American electrical engineer and university professor

Mac Elwyn Van Valkenburg (October 5, 1921–March 19, 1997) was an American electrical engineer and university professor. He wrote seven textbooks and numerous scientific publications.

==Early life and education==
Van Valkenburg was born in Union, Utah.

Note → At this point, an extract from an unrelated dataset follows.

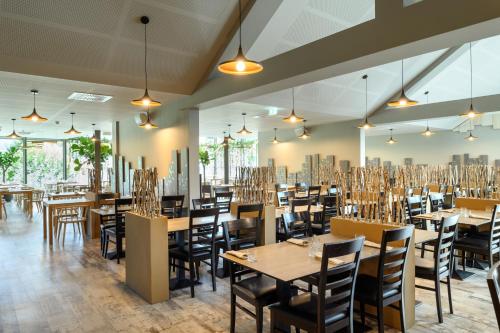 博德森特克欧里米尔温泉 - 布雷扎酒店的用餐室配有木桌和椅子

He graduated from the University of Utah in 1943 with a Bachelor's degree in electrical engineering, received a master's degree in electrical engineering from the Massachusetts Institute of Technology in 1946 under the supervision of John G. Trump, and a PhD in electrical engineering from Stanford University in 1952, under advisor Oswald Garrison Villard Jr.

==Career==
Van Valkenburg was a professor at the University of Illinois from 1955 to 1966, then joined Princeton University as professor and head of electrical engineering until 1974, when he returned to UIUC. He received an endowed position, the W. W. Grainger Professorship, in 1982, and became Dean of the College of Engineering in 1984.

Van Valkenburg was author of seven textbooks and numerous scientific publications. He died in Orem, Utah at the age of 75.

==Awards and memberships==
- Member of the National Academy of Engineering
- The Lamme Medal, the highest honor of the American Society for Engineering Education
- The IEEE Centennial Medal in 1984
- The ASEE George Westinghouse Award (1963)
- The IEEE Education Medal (1972)
- Halliburton Engineering Education Leadership Award of the College of Engineering at the University of Illinois.

The IEEE Education Society offers an annual Mac Van Valkenburg Early Career Teaching Award. UIUC established the M. E. Van Valkenburg Graduate Research Award in 1990.

His PhD students have included:
- Leon O. Chua ('64; IEEE Fellow and Professor in the electrical engineering and computer sciences department at the University of California, Berkeley, considered to be the father of nonlinear circuit theory and cellular neural networks)
- Prof. VGK Murti (Prof. and Dean at the Indian Institute of Technology, Madras, India)
- Franklin Kuo ('58; Prof. at the University of Hawai'i), who was instrumental in the development of the Aloha protocol
- Jose B. Cruz Jr. ('59; control theorist and Prof. at Ohio State University)
- King-Sun Fu ('59; founding president of the International Association for Pattern Recognition and Prof. at Purdue University)
- S. L. Hakimi ('59; mathematician at Northwestern University)
- Shlomo Karni ('60; Prof. at the University of New Mexico, founding dean of engineering at Tel Aviv University '70)
- Steven B. Sample ('65; President of University of Southern California).